# Getting started with Azure Cosmos DB's API for MongoDB and Synapse Link

## Key Information about this notebook

* This notebook is part of the Azure Synapse Link for Azure Cosmos DB analitycal sample notebooks. For more information, click [here](../../../README.md). 

* It was build for Azure Cosmos DB API for MongoDB but you can, by yourself, customize it for Azure Cosmos DB SQL API. Please read about the analytical store inference schema differences between these 2 APIs [here](https://docs.microsoft.com/azure/cosmos-db/analytical-store-introduction#analytical-schema). 

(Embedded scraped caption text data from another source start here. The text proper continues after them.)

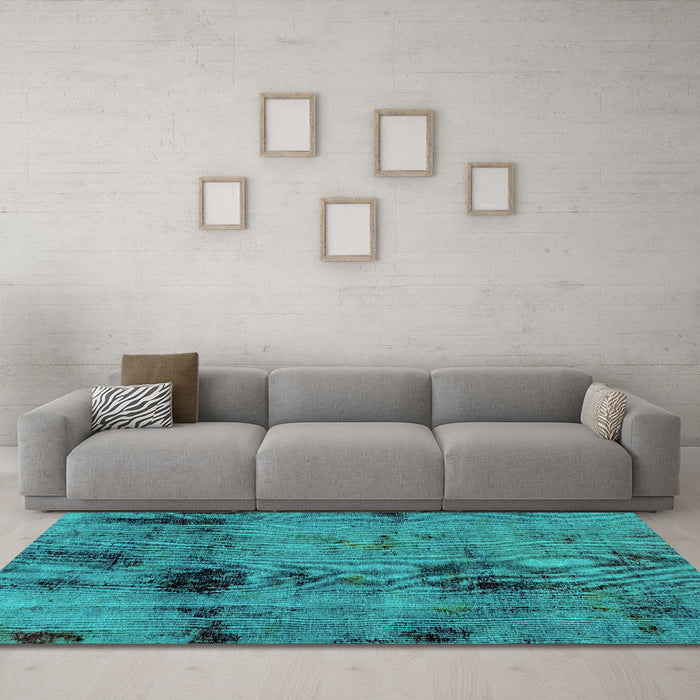 Machine Washable Abstract Turquoise Modern Area Rugs in a Living Room,, wshabs2011turq
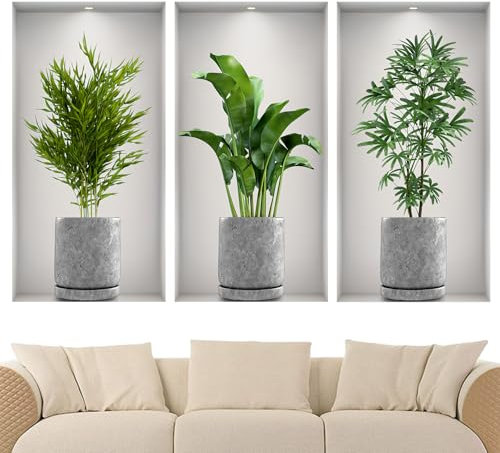 3 Pièces Autocollant Muraux 3D Plante, Stickers Muraux en Vinyle 3D Diy, Autocollant Mural Vase 3D, Convient pour le Salon, la Chambre et D'Autres Endroits (1)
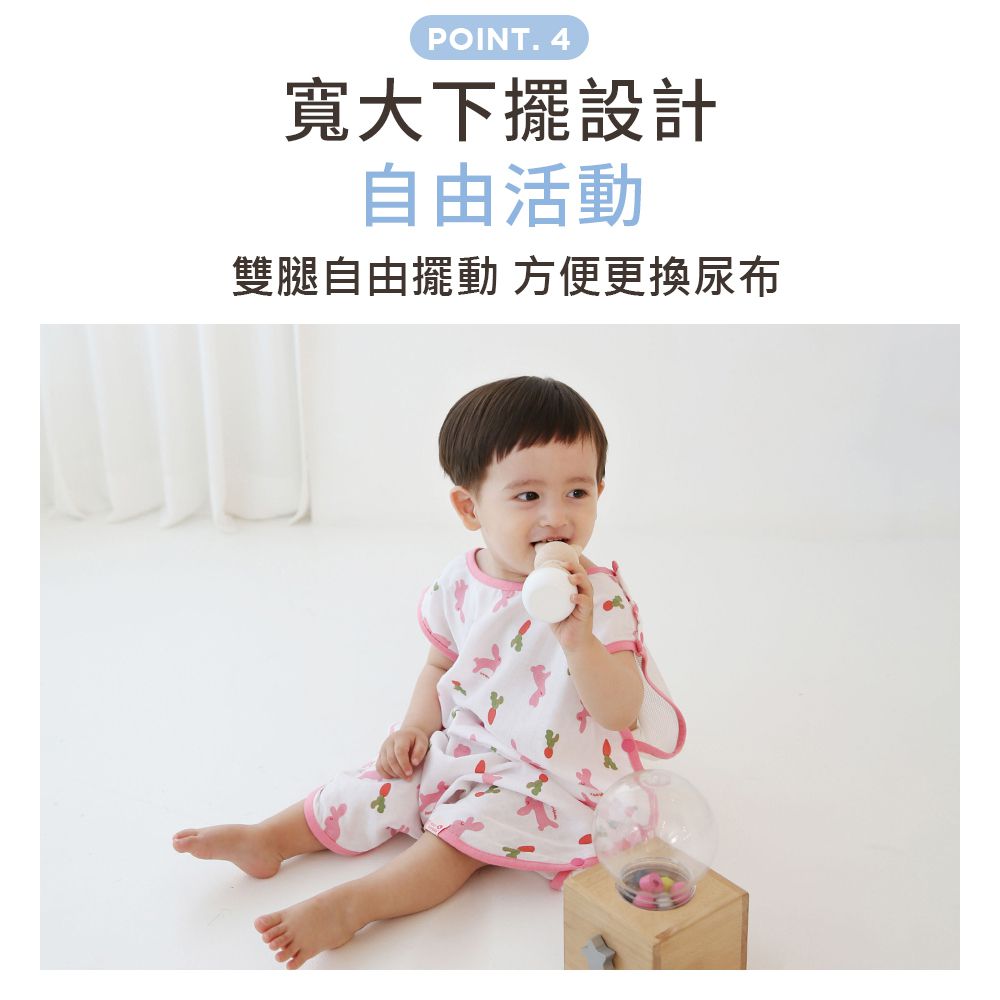 韓國 Han's Pumpkin - 超透氣純棉二層紗防踢被-夏季型-夢幻兔兔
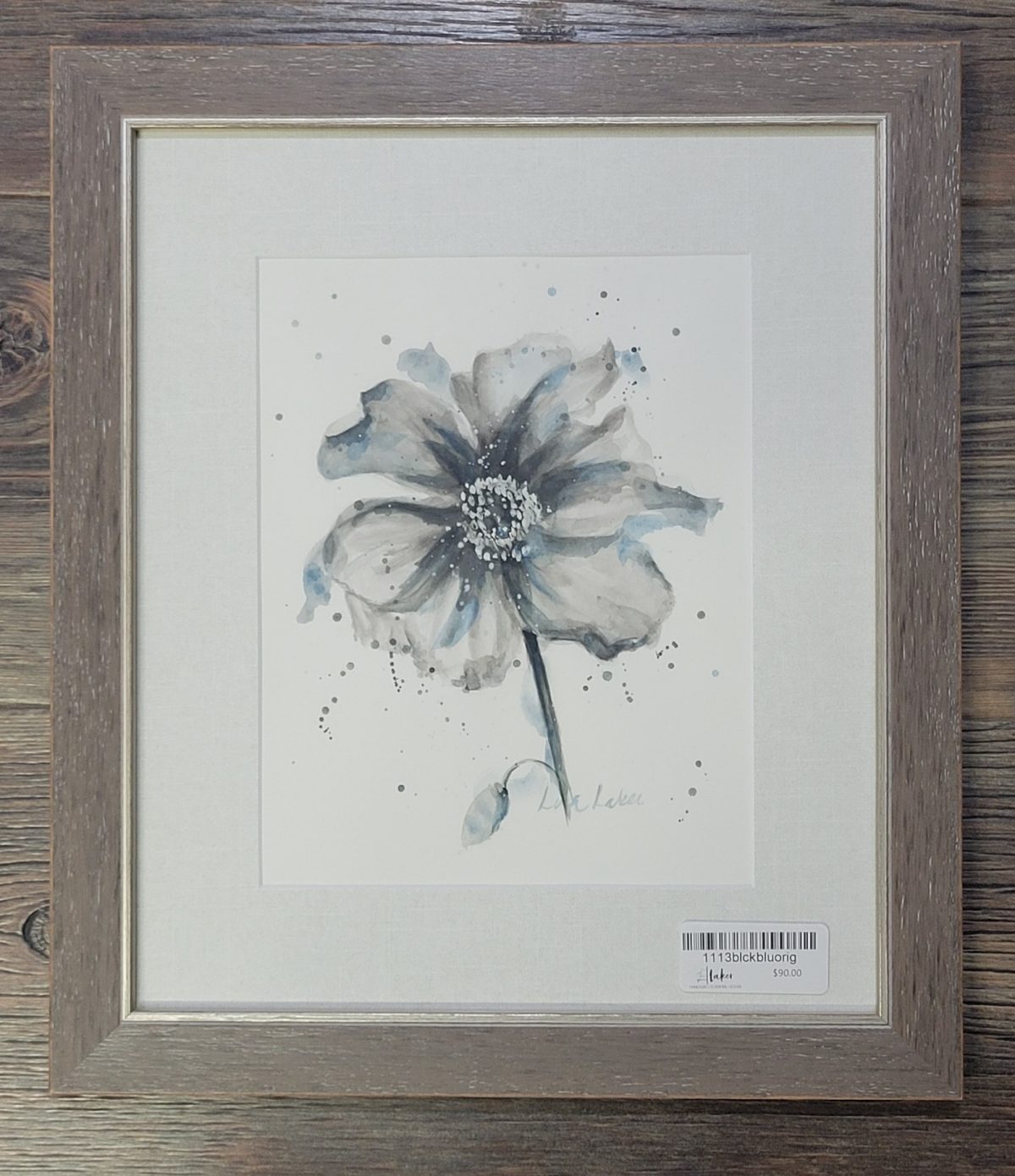 Framed Black and Blue Flower Print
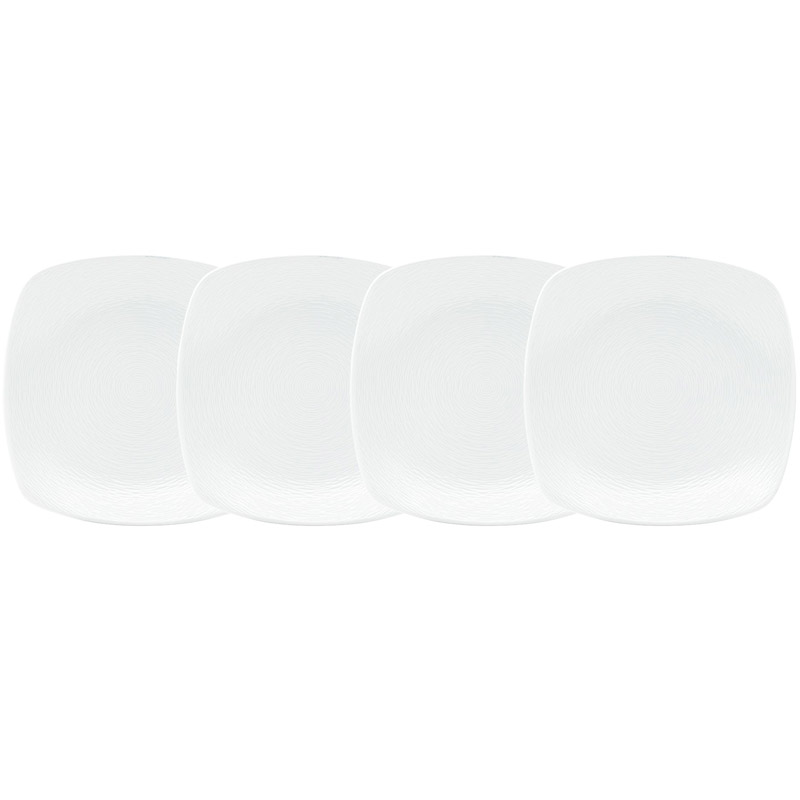 WoW Swirl Square Appetizer Plate Set of 4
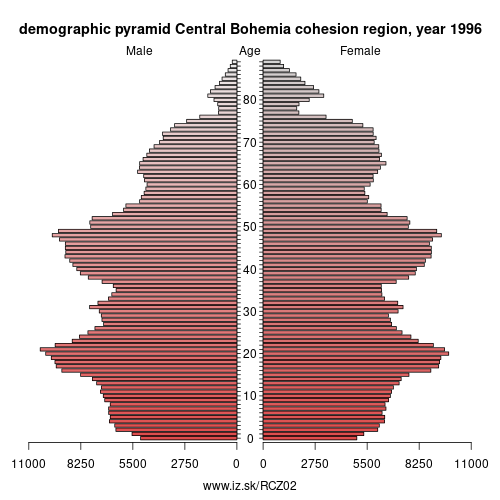 demographic pyramid CZ02 1996 Central Bohemia cohesion region, population pyramid of Central Bohemia cohesion region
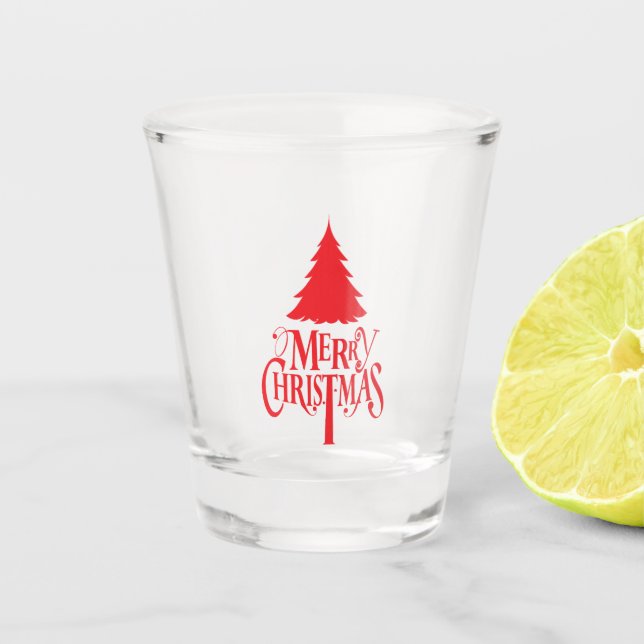 Christmas design with red tree shot glass (Front)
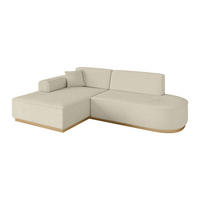 ECKSOFA Ottomane Links IREA-L1-v2 - 232x165x80 cm Beige - Hellbraun/Creme, Holzwerkstoff/Textil (232/165cm) - ALTDECOR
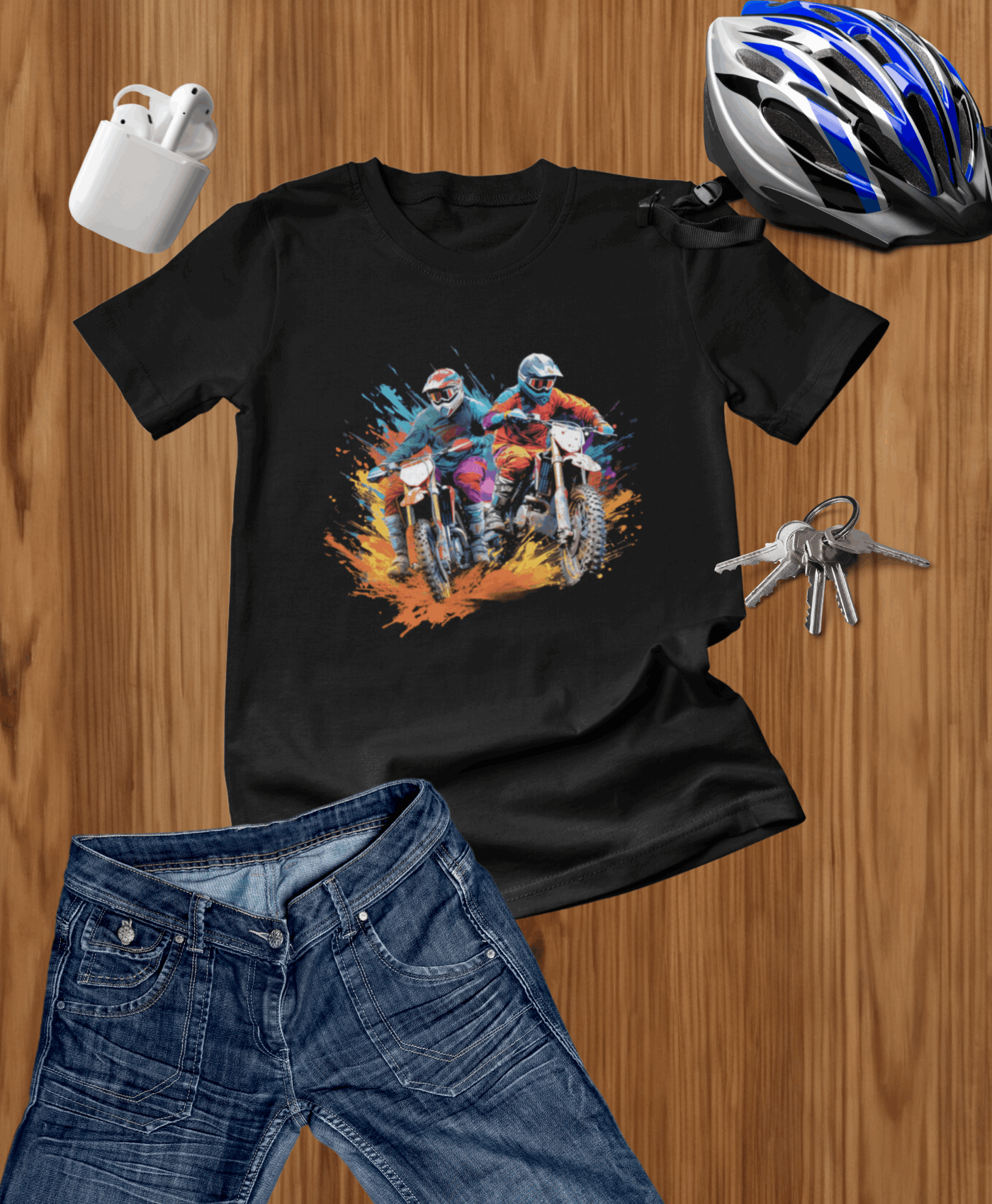 Biker Themed Paired Black Cotton T-shirt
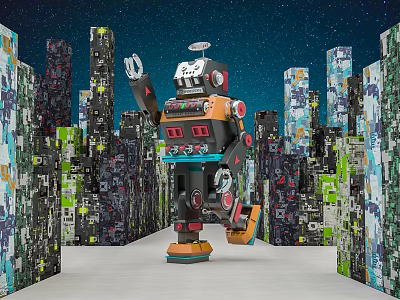 Smart Robot Walking Between Colorful Block Towers With Starry Sky Background 3d model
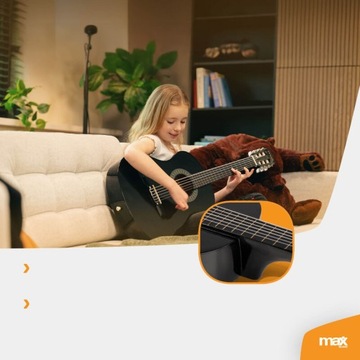 Молодёжная классическая гитара SoloArt Max 3/4, чёрная + аксессуары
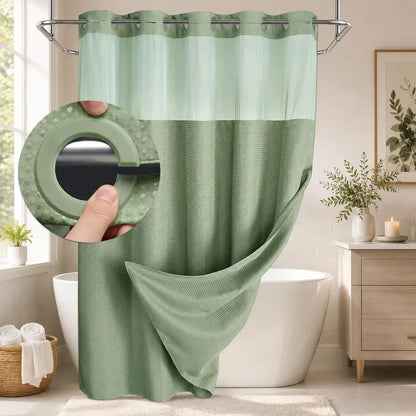 No-hook shower curtain product view 1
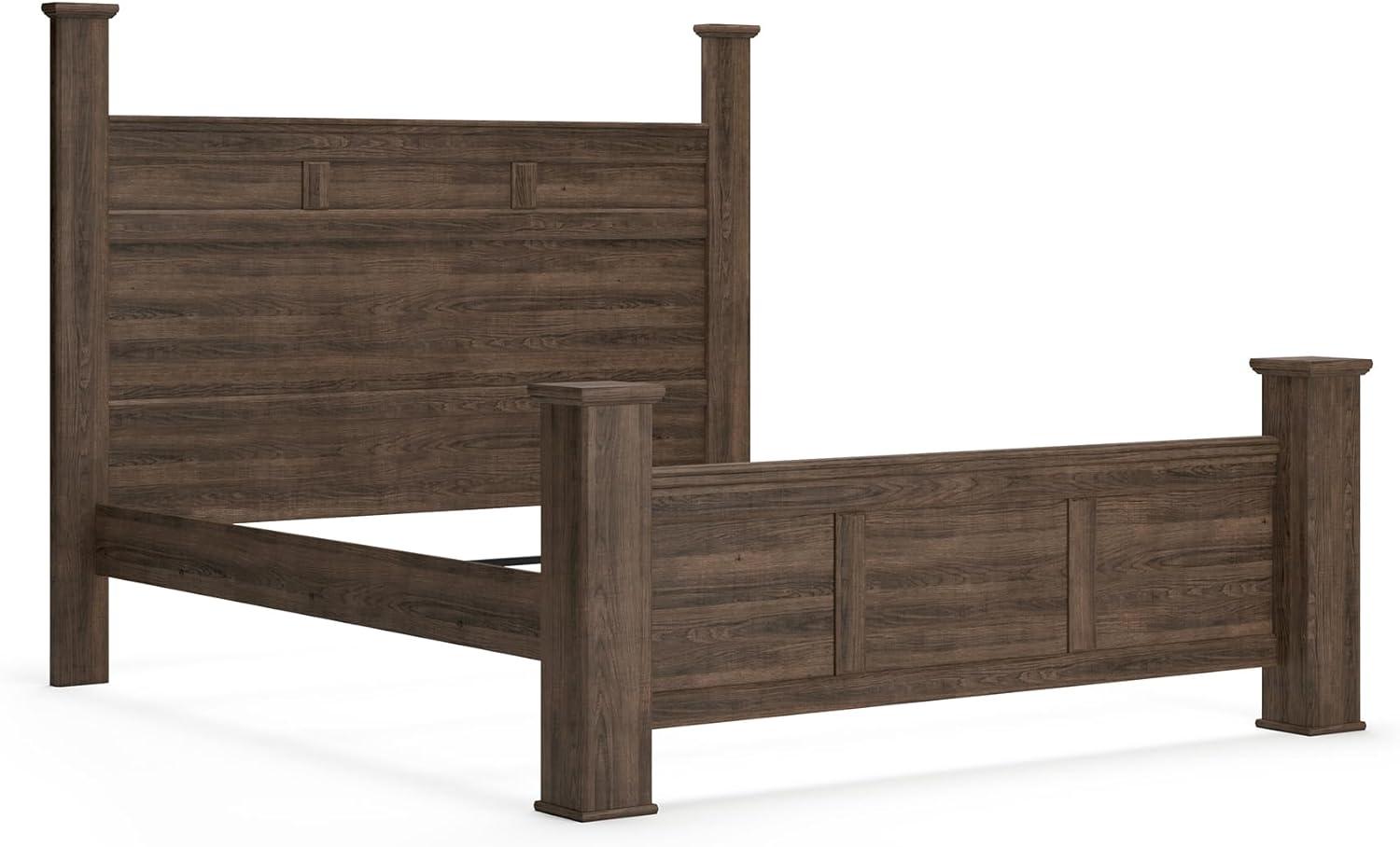 imageAshley Furniture Signature Design Juararo Poster Headboard Queen Size Component Piece Includes Headboard Only Dark BrownCalifornia King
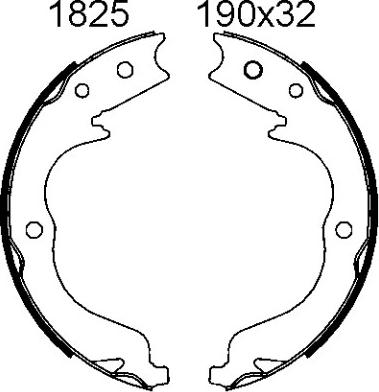 BSF 01825 - Комплект тормозов, ручник, парковка autospares.lv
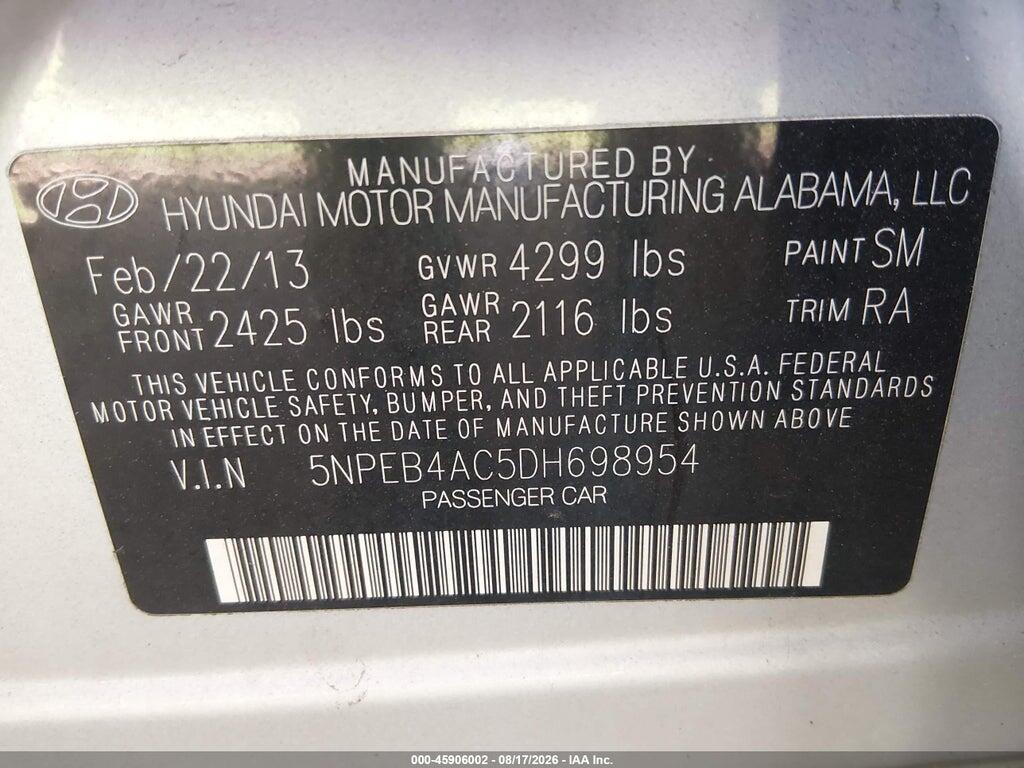 5NPEB4AC5DH698954 2013 HYUNDAI SONATA photo no. 9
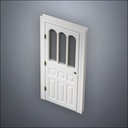 classic thick-frame Rounded Rutherford Window Door with fancy-profile frame and brass hardware, shown closed in perspective view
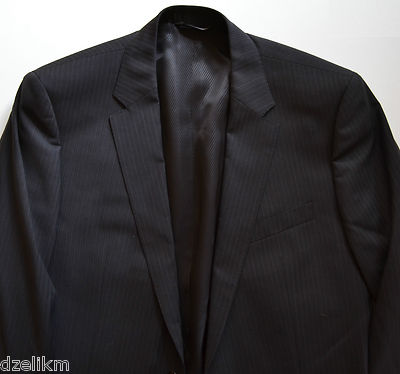Pre-owned Hugo Boss Black Label 2-button Trim Slim Fit Stripe Luxurious Business Suit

* This is a Synapse Notebook and it was created to run in Synapse Analytics workspaces. Please make sure that you followed the pre-reqs of the [README](/README.md) file. After that, please execute the steps below in the same order that they are presented here. 

* From now on, all operations are case sentitive. Please be careful with everything you need to type.

In this sample we will execute the following tasks:

1. Insert a dataset using the traditional MongoDB client.
1. Execute aggregation queries against the Analytical Store from the transactional data we inserted.
1. Insert another dataset, but this time using a different datatype for the timestamp property.
1. Execute aggregation queries again, consolidating both datasets.

## Pre-requisites
1. Have you created a MongoDB API account in Azure Cosmos DB? If not, go to [Create an account for Azure Cosmos DB's API for MongoDB](https://docs.microsoft.com/azure/cosmos-db/mongodb-introduction).
1. For your Cosmos DB account, have you enabled Synapse Link? If not, go to [Enable Synapse Link for Azure Cosmos DB's API for MongoDB](https://docs.microsoft.com/azure/cosmos-db/configure-synapse-link).
1. Have you created a Synapse Workspace? If not, go to [Create Synapse Workspace account](https://docs.microsoft.com/azure/synapse-analytics/synapse-link/how-to-connect-synapse-link-cosmos-db). Please don't forget to add yourself as **Storage Blob Data Contributor** to the primary ADLS G2 account that is linked to the Synapse workspace.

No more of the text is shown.